The Irish Times – Friday, November 27, 2009
A FORMER minister has suggested there may be an “anti-adoption bias” at senior levels of the Department of Health and of the Health Service Executive.
Noel Ahern (FF, Dublin North West) questioned why people were obliged to wait five years to adopt when “it only takes nine months to have a baby”.
And he challenged why Ireland had let the bilateral agreement with Vietnam go into abeyance.
Mr Ahern said Minister of State Barry Andrews had referred to reports critical of Vietnam’s procedures. “But it is extraordinary that other countries, and I do not mean banana republic countries but countries such as France, Denmark, Canada and Italy, do not seem to have difficulties with the bilateral arrangements with Vietnam.”

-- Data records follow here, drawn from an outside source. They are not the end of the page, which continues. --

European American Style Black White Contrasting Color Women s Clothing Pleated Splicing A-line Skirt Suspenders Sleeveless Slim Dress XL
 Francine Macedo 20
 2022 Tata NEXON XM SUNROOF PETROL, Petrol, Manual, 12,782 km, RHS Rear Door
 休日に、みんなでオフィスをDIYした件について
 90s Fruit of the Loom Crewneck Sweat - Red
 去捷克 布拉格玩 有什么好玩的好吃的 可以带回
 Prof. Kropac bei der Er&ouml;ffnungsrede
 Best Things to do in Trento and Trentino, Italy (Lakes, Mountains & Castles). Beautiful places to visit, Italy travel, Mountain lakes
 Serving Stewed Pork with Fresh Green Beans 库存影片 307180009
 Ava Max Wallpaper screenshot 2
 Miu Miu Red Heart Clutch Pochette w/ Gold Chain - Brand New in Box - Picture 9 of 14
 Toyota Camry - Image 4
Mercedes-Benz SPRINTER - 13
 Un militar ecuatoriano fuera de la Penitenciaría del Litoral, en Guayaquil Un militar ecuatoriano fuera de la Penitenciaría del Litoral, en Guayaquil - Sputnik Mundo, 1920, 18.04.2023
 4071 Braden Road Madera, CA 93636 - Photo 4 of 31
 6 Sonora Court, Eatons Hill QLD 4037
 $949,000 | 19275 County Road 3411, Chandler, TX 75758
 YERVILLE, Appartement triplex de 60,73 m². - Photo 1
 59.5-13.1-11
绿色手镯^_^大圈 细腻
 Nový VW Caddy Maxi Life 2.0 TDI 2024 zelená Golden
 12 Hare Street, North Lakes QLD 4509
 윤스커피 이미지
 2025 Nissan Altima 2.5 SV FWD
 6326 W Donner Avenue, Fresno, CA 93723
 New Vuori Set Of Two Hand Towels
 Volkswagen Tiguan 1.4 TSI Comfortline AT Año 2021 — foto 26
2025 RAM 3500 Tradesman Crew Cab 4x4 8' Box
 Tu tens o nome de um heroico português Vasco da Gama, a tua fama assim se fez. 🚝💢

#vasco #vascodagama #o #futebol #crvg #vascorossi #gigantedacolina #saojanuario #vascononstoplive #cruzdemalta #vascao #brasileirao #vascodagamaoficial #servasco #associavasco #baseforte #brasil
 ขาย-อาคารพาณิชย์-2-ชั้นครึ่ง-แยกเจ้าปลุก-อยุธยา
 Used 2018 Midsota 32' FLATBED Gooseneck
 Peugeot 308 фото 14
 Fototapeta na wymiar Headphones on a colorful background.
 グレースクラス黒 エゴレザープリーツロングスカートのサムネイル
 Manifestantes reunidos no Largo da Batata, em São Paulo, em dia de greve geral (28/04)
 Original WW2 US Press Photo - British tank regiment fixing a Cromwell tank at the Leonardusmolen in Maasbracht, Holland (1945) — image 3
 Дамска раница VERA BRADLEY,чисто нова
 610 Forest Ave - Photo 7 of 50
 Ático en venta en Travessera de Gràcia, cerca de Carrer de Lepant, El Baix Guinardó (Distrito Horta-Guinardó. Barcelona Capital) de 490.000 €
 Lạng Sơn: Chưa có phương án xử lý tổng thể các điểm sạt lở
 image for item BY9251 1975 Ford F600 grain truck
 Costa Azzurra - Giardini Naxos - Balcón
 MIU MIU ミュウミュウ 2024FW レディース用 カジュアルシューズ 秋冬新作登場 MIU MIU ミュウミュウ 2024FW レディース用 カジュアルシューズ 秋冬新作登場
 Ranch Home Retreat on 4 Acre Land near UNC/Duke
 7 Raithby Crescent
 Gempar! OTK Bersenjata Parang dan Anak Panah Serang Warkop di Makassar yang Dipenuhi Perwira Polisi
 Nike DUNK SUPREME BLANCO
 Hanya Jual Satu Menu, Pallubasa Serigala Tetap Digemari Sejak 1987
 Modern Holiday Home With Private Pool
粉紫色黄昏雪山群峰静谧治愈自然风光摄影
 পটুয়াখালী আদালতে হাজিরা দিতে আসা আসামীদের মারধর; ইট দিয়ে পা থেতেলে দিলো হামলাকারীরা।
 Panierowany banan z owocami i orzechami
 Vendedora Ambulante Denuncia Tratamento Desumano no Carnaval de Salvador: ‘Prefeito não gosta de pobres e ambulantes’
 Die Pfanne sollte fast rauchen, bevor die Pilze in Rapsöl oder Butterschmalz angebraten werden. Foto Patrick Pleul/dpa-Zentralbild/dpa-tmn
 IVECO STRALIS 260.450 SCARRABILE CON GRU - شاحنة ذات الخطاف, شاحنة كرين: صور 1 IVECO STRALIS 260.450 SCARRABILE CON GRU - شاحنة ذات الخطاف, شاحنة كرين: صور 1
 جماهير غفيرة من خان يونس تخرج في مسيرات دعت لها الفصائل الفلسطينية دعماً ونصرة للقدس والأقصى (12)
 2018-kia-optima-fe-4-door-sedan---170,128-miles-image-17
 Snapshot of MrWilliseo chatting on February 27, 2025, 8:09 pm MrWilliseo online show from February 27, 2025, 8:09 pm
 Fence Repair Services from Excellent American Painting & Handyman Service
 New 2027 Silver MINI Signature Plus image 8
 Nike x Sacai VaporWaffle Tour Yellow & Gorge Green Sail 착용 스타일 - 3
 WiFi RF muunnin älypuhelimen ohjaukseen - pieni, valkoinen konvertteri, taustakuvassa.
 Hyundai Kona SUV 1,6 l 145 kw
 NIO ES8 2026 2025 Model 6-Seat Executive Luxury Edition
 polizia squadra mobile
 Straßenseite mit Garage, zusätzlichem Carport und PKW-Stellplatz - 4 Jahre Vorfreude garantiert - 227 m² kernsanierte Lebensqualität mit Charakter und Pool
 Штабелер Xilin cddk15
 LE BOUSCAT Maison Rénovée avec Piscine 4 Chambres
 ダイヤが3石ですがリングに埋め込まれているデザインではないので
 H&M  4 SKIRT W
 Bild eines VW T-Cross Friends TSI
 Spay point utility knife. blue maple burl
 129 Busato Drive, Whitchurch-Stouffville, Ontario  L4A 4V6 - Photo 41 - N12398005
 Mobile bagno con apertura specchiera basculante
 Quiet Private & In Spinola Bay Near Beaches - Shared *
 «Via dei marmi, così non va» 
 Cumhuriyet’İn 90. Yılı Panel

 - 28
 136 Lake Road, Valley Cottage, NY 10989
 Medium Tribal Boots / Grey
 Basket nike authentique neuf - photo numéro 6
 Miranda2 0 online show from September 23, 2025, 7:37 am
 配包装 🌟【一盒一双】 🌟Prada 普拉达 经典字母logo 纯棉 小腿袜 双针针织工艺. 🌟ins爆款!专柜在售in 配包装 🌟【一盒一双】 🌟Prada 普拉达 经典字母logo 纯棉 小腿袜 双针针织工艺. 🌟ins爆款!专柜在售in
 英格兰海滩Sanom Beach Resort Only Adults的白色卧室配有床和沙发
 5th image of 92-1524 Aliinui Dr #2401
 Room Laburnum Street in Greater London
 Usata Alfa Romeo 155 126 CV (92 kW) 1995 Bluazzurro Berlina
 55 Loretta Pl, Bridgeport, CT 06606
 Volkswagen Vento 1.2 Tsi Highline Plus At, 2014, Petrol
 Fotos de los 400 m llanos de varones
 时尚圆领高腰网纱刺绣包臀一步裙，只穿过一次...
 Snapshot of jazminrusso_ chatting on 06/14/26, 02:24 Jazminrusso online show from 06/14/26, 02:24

He wondered “whether we are being a bit too careful”. He was speaking during the ongoing Dáil debate on the Adoption Bill, which brings the Hague Convention on the protection of children and co-operation in respect of inter-country adoption into statute law.
Mr Ahern said during the debate that “often over the years I felt there was an attitude at a high level in the department or the HSE long before the Minister of State or his officials were there, which was not exactly friendly to the adoption process”.
“Some people see adoption as something that happened decades ago. Perhaps concerns were raised in a few cases, but there were also thousands of children being placed in loving homes here and elsewhere.
“I am not sure whether there is an anti-adoption bias somewhere at the high levels of the Department of Health or in the HSE.”
Echoing the comments of many speakers in the debate, Mr Ahern said there was “great unhappiness relating to the HSE’s adoption process”. He sharply criticised social workers “who drag out the work and create extra interviews and layers of bureaucracy to slow down the end product”.
The former minister of state said the Bill wants expeditious processing of adoption but includes the phrase “as soon as practicable”.
This meant “we are picking the bits that are best practice to suit ourselves and where the HSE is making a mess of the assessments, we are watering down best practice as stated in the Hague Convention because it suits inefficiency in the HSE”.
It was “fine to introduce a document that outlines what will be best practice into the future. However, it is important that we assist those couples who have been involved with the process for a number of years to finalise their adoptions. It was a question of where to draw the line.”